* [Task inputs]
_ _ _ _

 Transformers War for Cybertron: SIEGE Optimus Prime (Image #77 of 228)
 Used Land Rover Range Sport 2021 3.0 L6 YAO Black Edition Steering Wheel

_ _ _ _

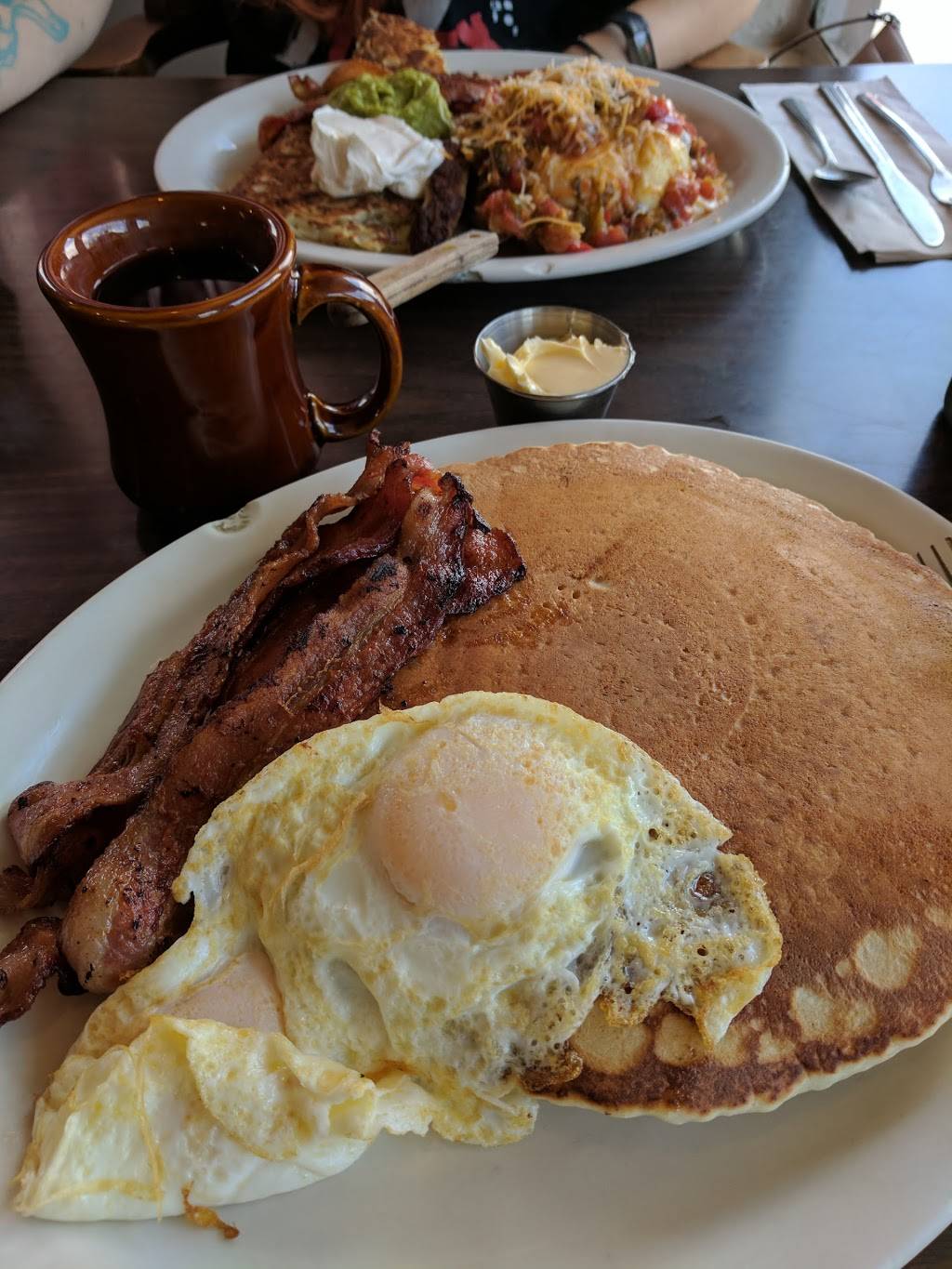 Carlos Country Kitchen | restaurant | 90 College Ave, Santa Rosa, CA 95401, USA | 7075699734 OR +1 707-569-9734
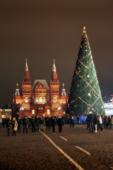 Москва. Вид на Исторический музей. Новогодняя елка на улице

_ _ _ _

* [Required work]
Go back to the lines above and output, exactly as they stand, the ones from the line containing "Carlos Country Kitchen" to the line containing "Москва. Вид на". Leave all pictures behind.

* [Result below]
 Carlos Country Kitchen | restaurant | 90 College Ave, Santa Rosa, CA 95401, USA | 7075699734 OR +1 707-569-9734
 Москва. Вид на Исторический музей. Новогодняя елка на улице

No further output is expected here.